More than 10 million people worldwide have Parkinson’s disease, which is increasingly debilitating and currently incurable. Today, researchers at Texas A&M AgriLife have found a new way to study disease progression at the molecular level. The team also got new clues to a cure.
For further work on the project, the National Institutes of General Medical Sciences awarded the Outstanding Investigator Award and $ 1.4 million in funding to Dmitry Kurouski, Assistant Professor at Texas University A&M College of Agriculture and Life Sciences Department of Biochemistry and Biophysics.
In patients with Parkinson’s disease, a normally benign protein called alpha-synuclein begins to behave abnormally, but only in certain neurons. A healthy neuron contains many identical copies of alpha-synuclein. In patients with Parkinson’s disease, these copies tend to form large clumps or aggregates. Neurons containing such aggregates become “leaky” and eventually die. Over time, more and more neurons are affected. However, in other neurons in the same brain, alpha-synuclein does not aggregate to the same extent and does not cause problems.
Alpha-synuclein can behave so differently in different neurons because of what else is in the cells. For example, alpha-synuclein interacts with lipids, a class of molecules that are the main components of cell membranes. In this context, several research groups have shown that alpha-synuclein can disrupt cell membranes and make them permeable.
Learning more about how different lipids and alpha-synuclein interact may explain why alpha-synuclein is toxic in some neurons but not in others. However, the study of this phenomenon has been difficult. Alpha-synuclein can aggregate in very different forms, such as water turning into snowflakes, snowballs, icicles, or icebergs. The varied and changing shapes of aggregates confuse several techniques that researchers could use to study them.
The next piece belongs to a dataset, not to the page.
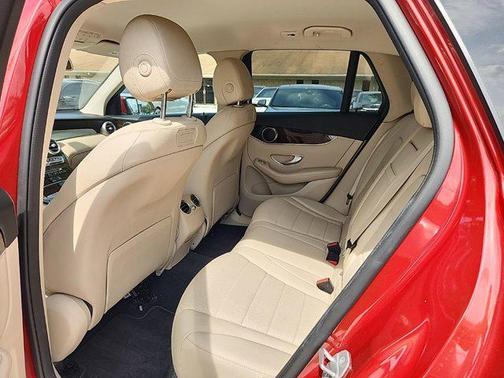 2019 Mercedes-Benz GLC 300 Base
A method recently developed by Kurouski is proving very useful for studying the interaction of alpha-synuclein and lipids. Kurouski and his team use two sophisticated techniques they previously used on viral particles of various shapes: nano-Raman spectroscopy and nano-infrared spectroscopy.
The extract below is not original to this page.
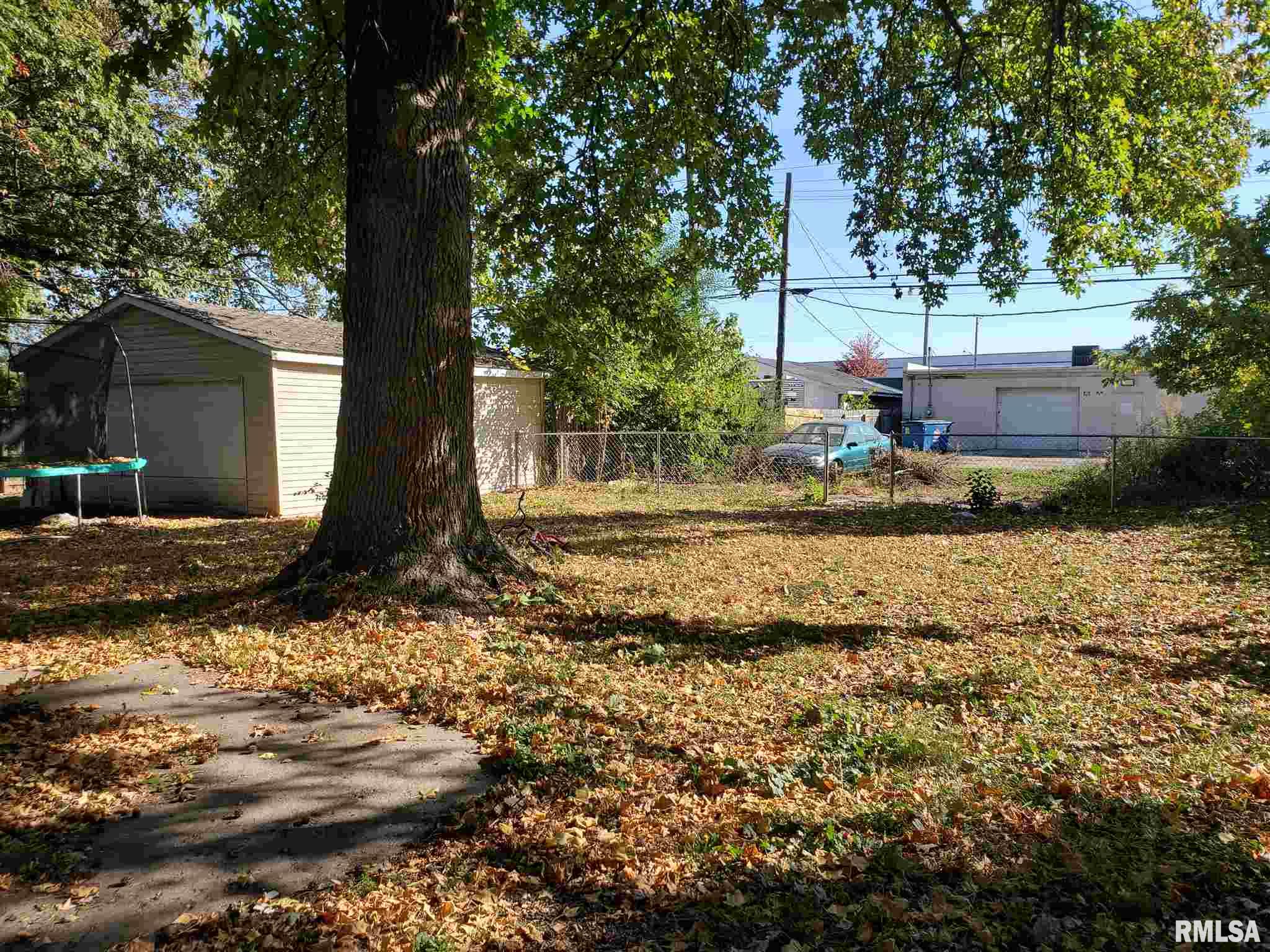 1510 South 8th Street Springfield, IL 62703 - Photo 3 of 18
Indeed, for the Parkinson project, the techniques already provide information on the folds, lipids and amino acids on the surface of alpha-synuclein aggregates and in their nucleus.
“What we found is that the structure and toxicity of alpha-synuclein can be uniquely altered by lipids,” Kurouski said. This work was recently published in the Journal of Physical Chemistry Letters.
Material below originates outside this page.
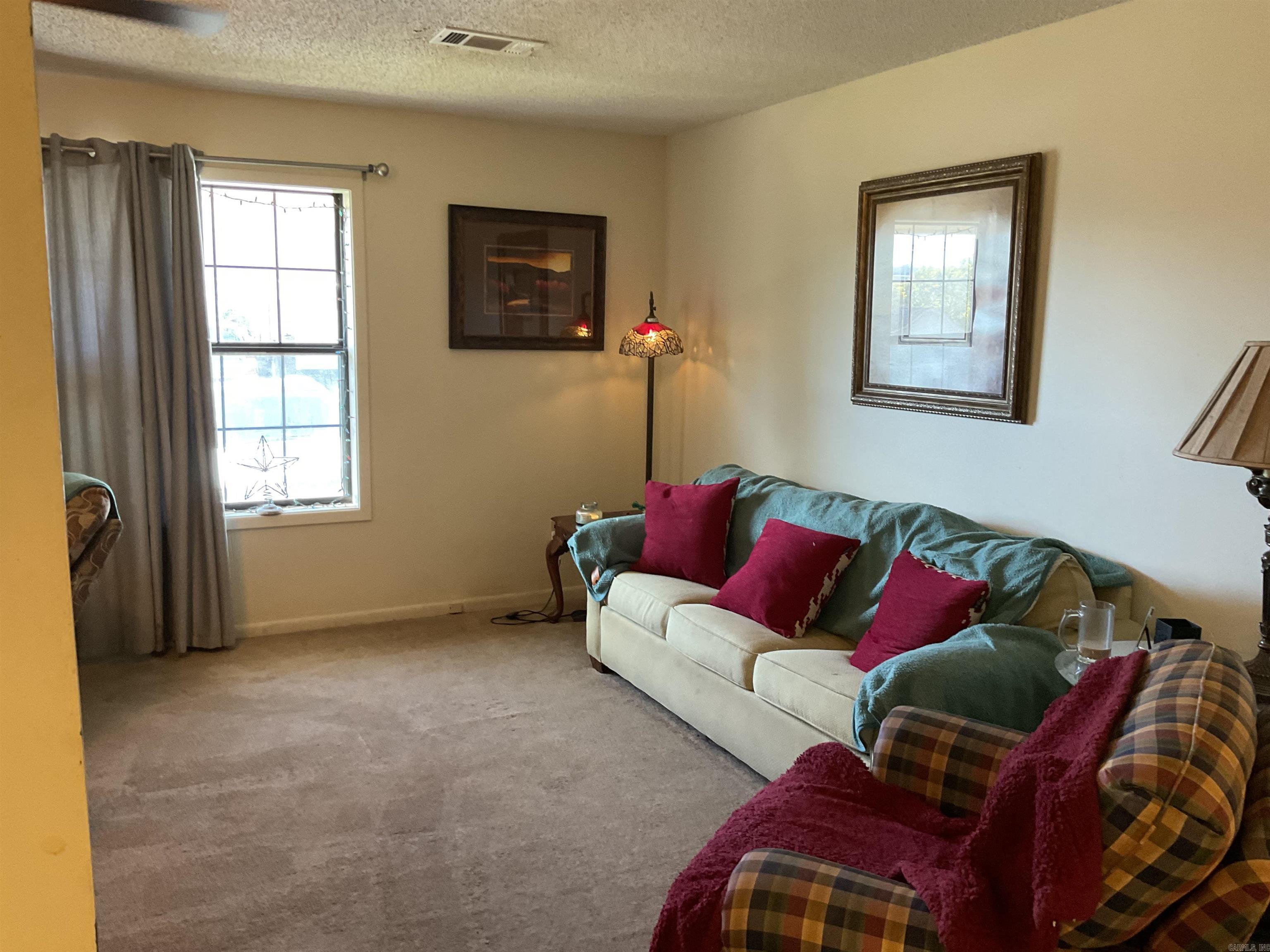 349 Hall Street Property Photo 4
Next, the team will study in more detail how cell membrane components such as cholesterol affect alpha-synuclein toxicity. The researchers plan to study these effects in cultured cells and in cells from patients with Parkinson’s disease.
Overall, the team aims to determine why alpha-synuclein only has toxic effects in certain neurons. The researchers hypothesize that the toxicity of alpha-synuclein aggregates is determined by their structure. This structure, in turn, is controlled by the lipid composition of neuronal membranes.
“With age and other factors, the lipid composition of the brain changes,” Kurouski said. “If we find that a certain lipid composition promotes alpha-synuclein toxicity, then could we find a treatment or regimen to alleviate it?”
Tianyi Dou, a graduate student from Kurouski’s lab, conducted the spectroscopy experiments.
“Even though what we are doing does not directly cure the disease, it is essential to understand the mechanism that explains why the aggregates become toxic,” said Dou. “It’s a tough project, and we’re doing our best to explore the missing pieces.”
Kurouski first studied diseases related to protein aggregates as a graduate student. He always wanted to come back to this topic in his own lab, he said.
“When I started the lab, we started working on Parkinson’s disease, and it took several years to build the instrumentation for the structural analysis that we can now do,” Kurouski said. “We first tested the method on viruses and found that it could work exceptionally well for the characterization of small biological objects.”
The team plans to use the same method to study protein aggregates linked to Alzheimer’s, Huntington’s and prion diseases.
“These different issues can show synergy or open up more questions,” Kurouski said. “We want to understand if what we are describing is a general phenomenon.”